WHAT TO DO: In the records below, begin at the line containing "Vista 5 de Soporte" and end at the line containing "Poster - Vibrant"; quote every line in that span exactly, including both boundary lines, and no others.

DATA SECTION:
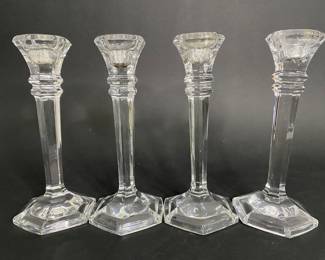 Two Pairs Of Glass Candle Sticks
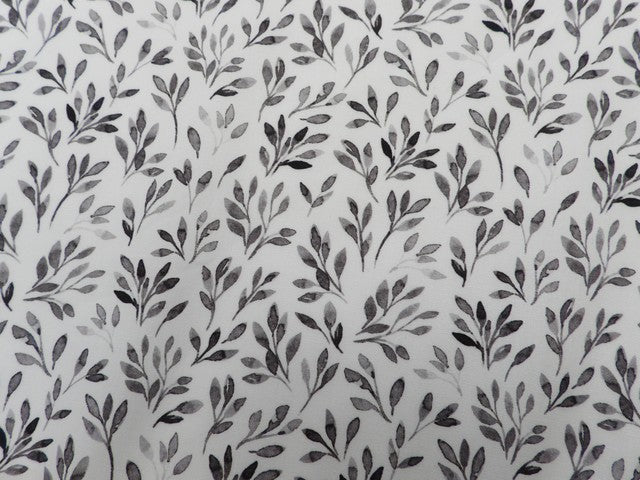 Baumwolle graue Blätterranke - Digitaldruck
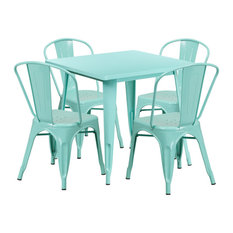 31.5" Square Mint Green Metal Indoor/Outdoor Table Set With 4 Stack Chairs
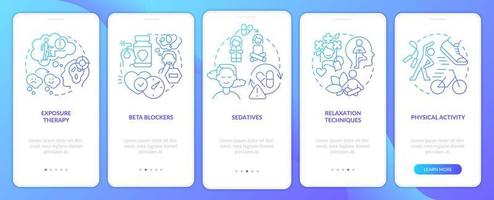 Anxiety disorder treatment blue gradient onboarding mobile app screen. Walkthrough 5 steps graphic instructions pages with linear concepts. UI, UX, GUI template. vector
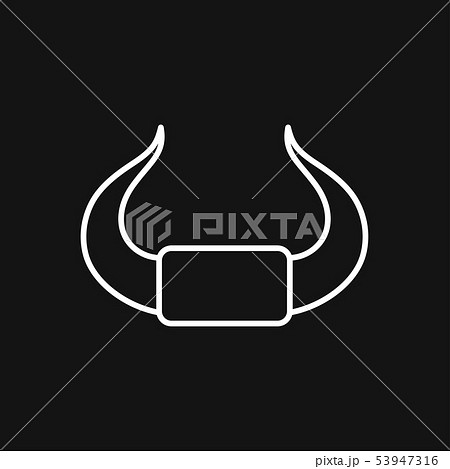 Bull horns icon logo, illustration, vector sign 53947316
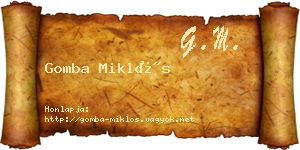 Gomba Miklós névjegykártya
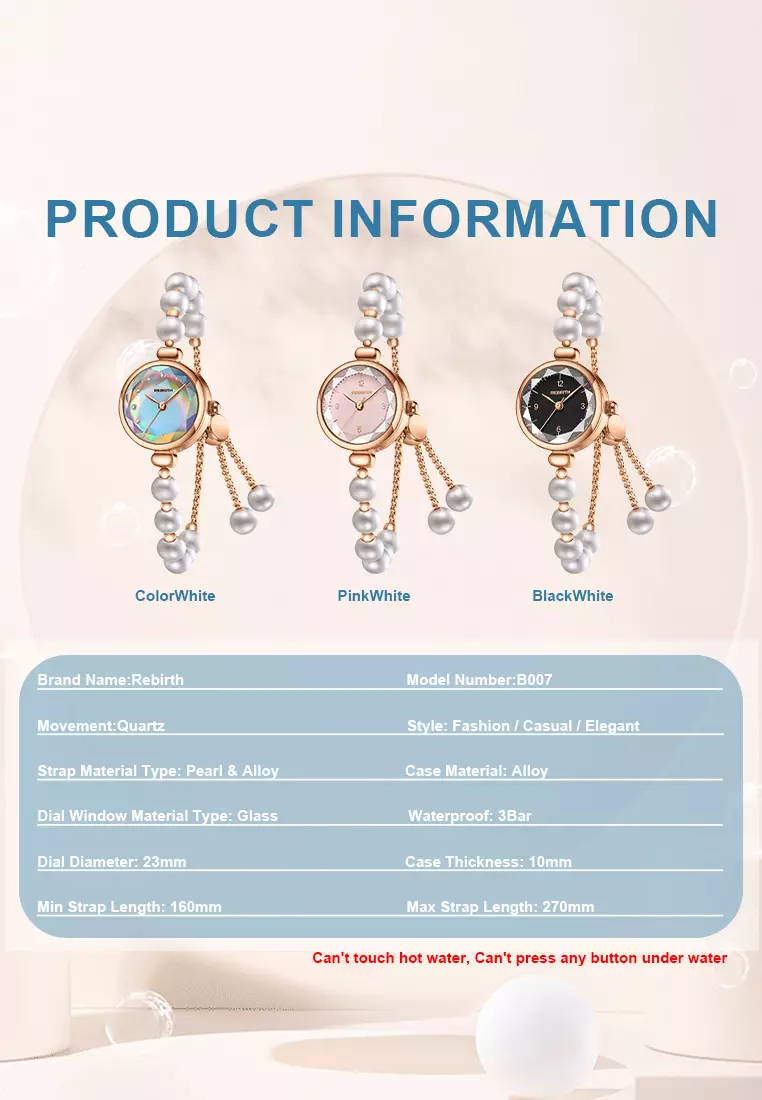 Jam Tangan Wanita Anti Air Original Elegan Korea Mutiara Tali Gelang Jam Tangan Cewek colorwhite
==
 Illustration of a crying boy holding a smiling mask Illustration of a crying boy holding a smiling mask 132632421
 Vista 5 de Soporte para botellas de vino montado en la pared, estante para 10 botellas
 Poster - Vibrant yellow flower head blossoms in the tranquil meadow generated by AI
---
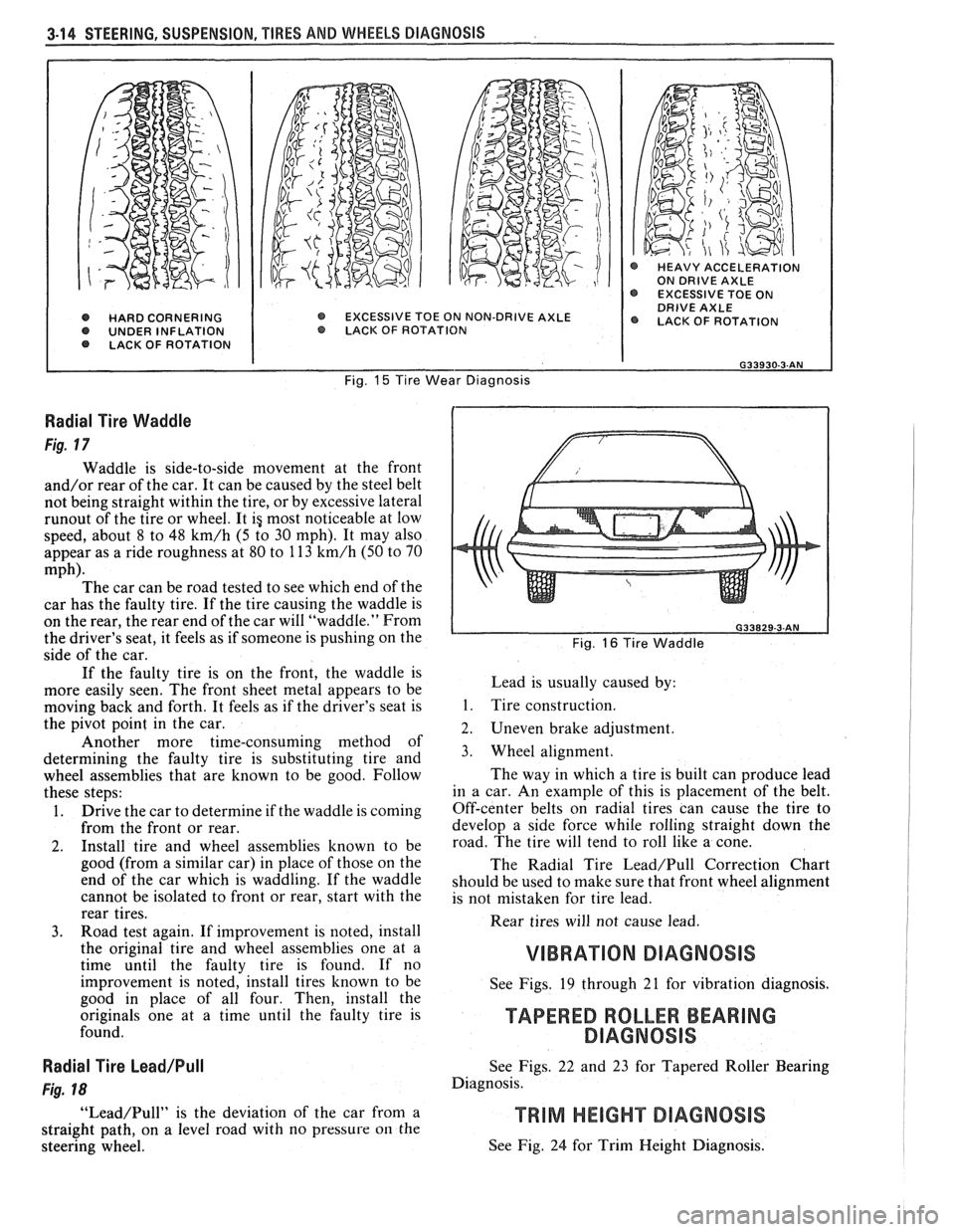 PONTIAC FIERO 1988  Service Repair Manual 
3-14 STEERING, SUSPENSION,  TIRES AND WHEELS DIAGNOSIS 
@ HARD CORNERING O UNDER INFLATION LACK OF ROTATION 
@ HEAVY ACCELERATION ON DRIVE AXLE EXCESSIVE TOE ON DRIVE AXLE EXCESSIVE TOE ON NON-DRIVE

RESPONSE:
 Vista 5 de Soporte para botellas de vino montado en la pared, estante para 10 botellas
 Poster - Vibrant yellow flower head blossoms in the tranquil meadow generated by AI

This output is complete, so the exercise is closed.